Written by Winona Wardwell
Art by Tom Fisk
When the sun falls in a few years, I promise I will be somewhere else. I will be carrying a backpack on my back, wishing I hadn’t packed a third pair of jean shorts that can’t fold up like the rest of my clothes. I will be in Europe. And as the sun sets, I will be present in the moment. I will watch it fall beneath the beautiful medieval buildings or the rolling hills, but hopefully the ocean, looking out towards my home across the Atlantic Ocean. I will not remember this instant where I now dream of a different, faraway time.

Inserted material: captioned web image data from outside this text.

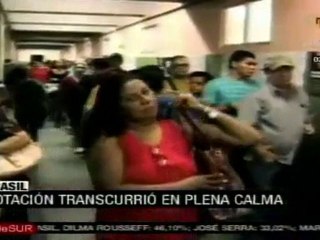Votación en Brasil transcurrió en plena calma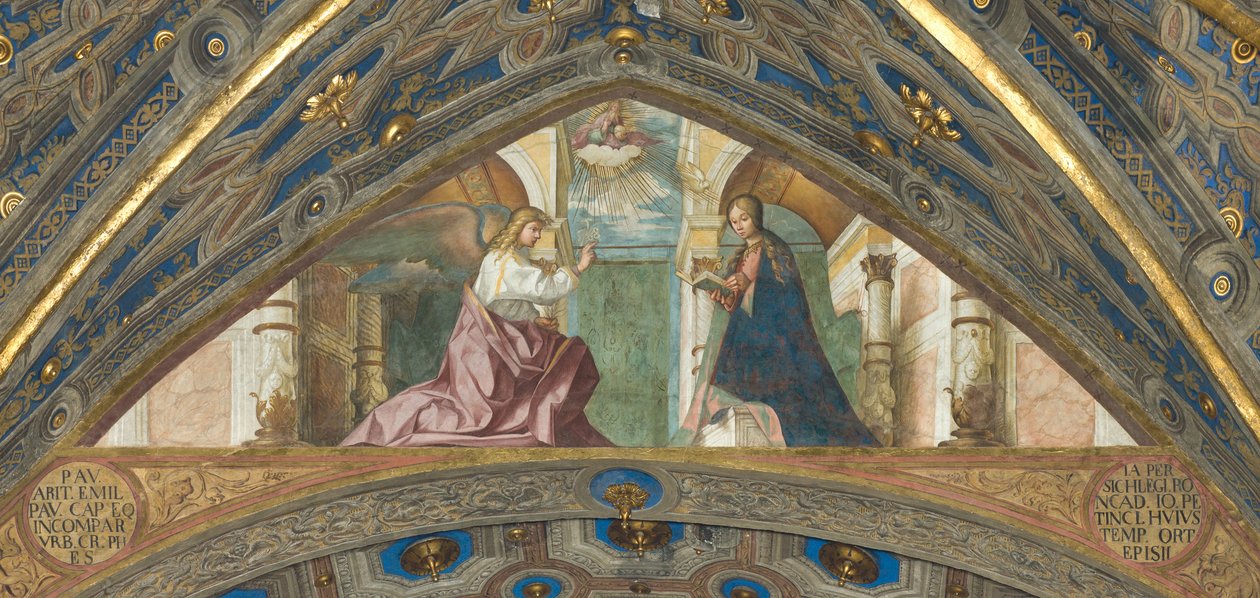 Apsis, Superarch, Boccaccio Boccaccino, Müjde 1506-07 by Boccaccio Boccaccino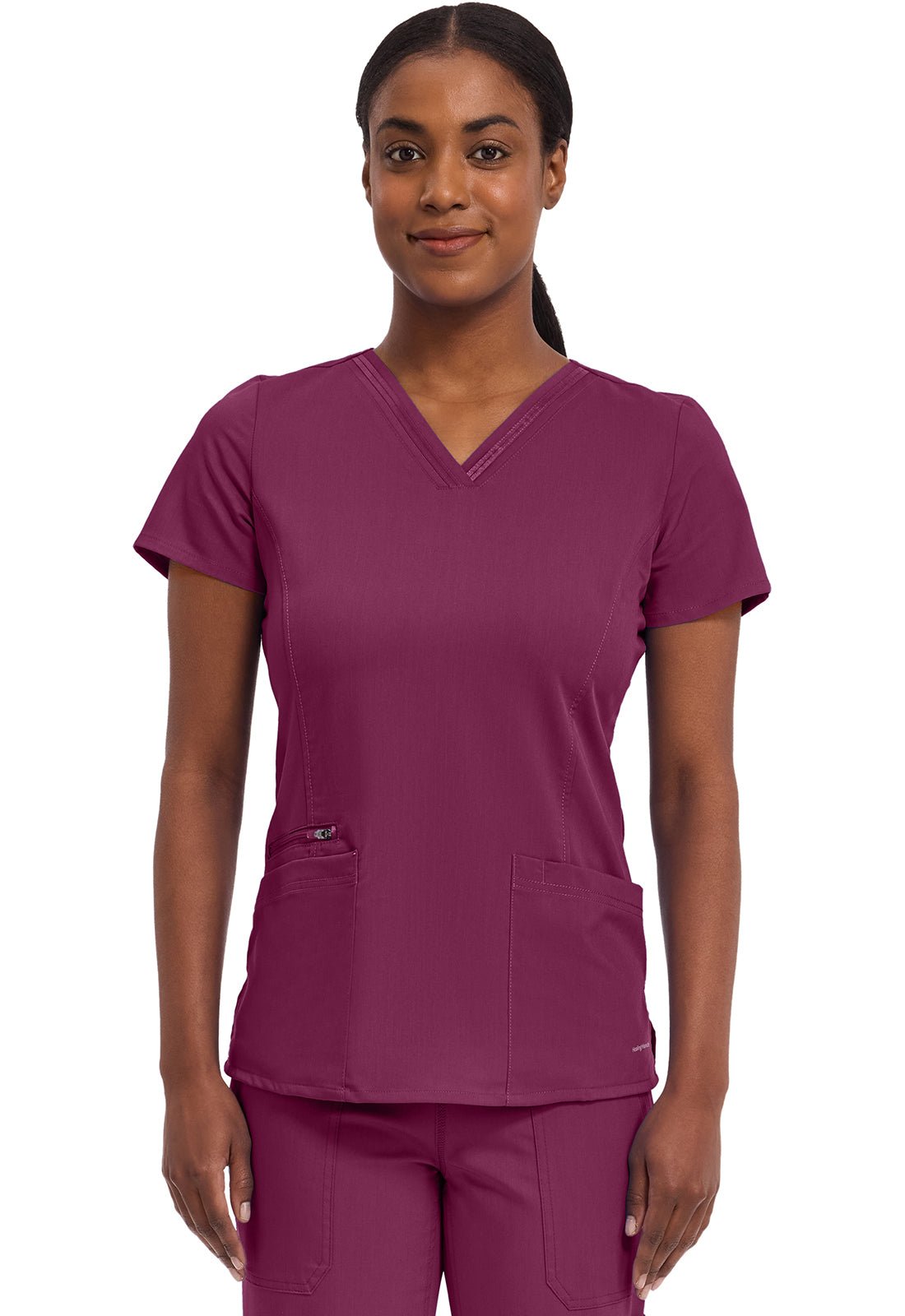 Healing Hands Purple Label Scrubs Jasmine V Neck Top 2278 - Scrubs Select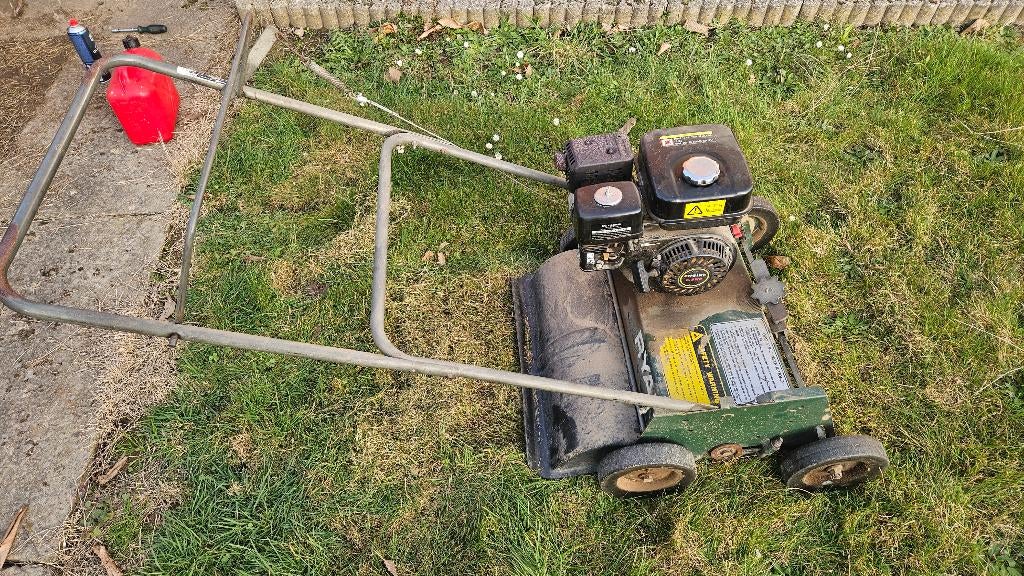 Ryan(bobcat) verticuteermachine professioneel, Jardin & Terrasse, Scarificateurs, Enlèvement, Utilisé, Essence, Rayn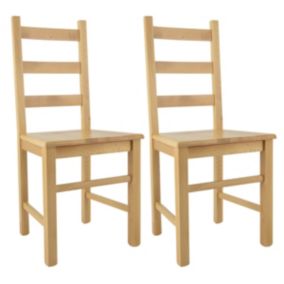 ORTA - Lot de 2 Chaises  et Assises en Bois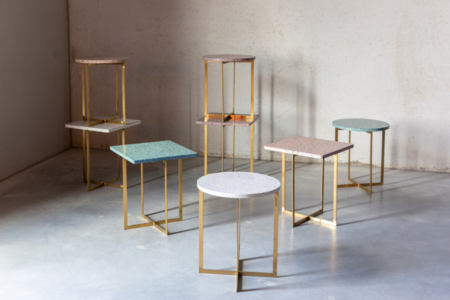 LUIGI SIDE TABLE - Round white
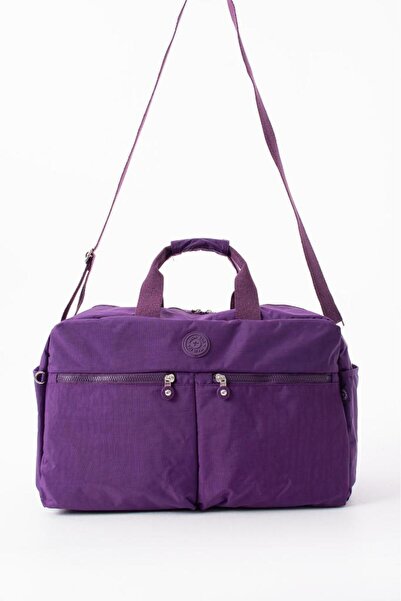 Baginn Seyehat Spor Çantası Kabin Boy Valiz 45*35 Cm Omuz ve Çapraz Askılı Hafif Klinkır Çanta Su İtici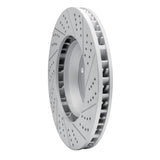 Dynamic Friction 2003-2015 Audi Q7 Left Front Drilled & Slotted Geoperformance Rotor by Dynamic Friction Company 830-74051D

I have a plan. I will fly into Naples, visit Pompeii, and take trains up through Europe with my best friend until we have reached the ocean once again. Then we will fly home and move into college, putting an end to this stage in our lives that is filled with regret and dissatisfaction. On this trip, I will leave my past behind and be adventurous and careless. I will create extravagant ridiculous good stories to tell future generations about the people I meet or the mistakes I made. And I will no doubt stay in hostels that are a bit sketchy, because, like always, I will be strapped for cash. I will take pictures on my dad’s camera, and I will pick up my phone only to answer my parents’ “How are you?” texts. I will ask people for directions and admire the Europeans, who seem to all know English while I struggle with their languages. I will walk everywhere and try to learn everything about places that seem majestic compared to my cookie-cutter neighborhood. I will begin to dread the days until the trip is over and grow moody at the airport, trying to stuff as much European delicacies as possible into my heavy backpack.
But for now, I sit at home and do what’s expected. I come home early and practice piano. I set the table and do the laundry. I finish my homework and feed the dog. In the rare moments of free time, I plan a trip to somewhere far away, and I count down the days until my plane leaves.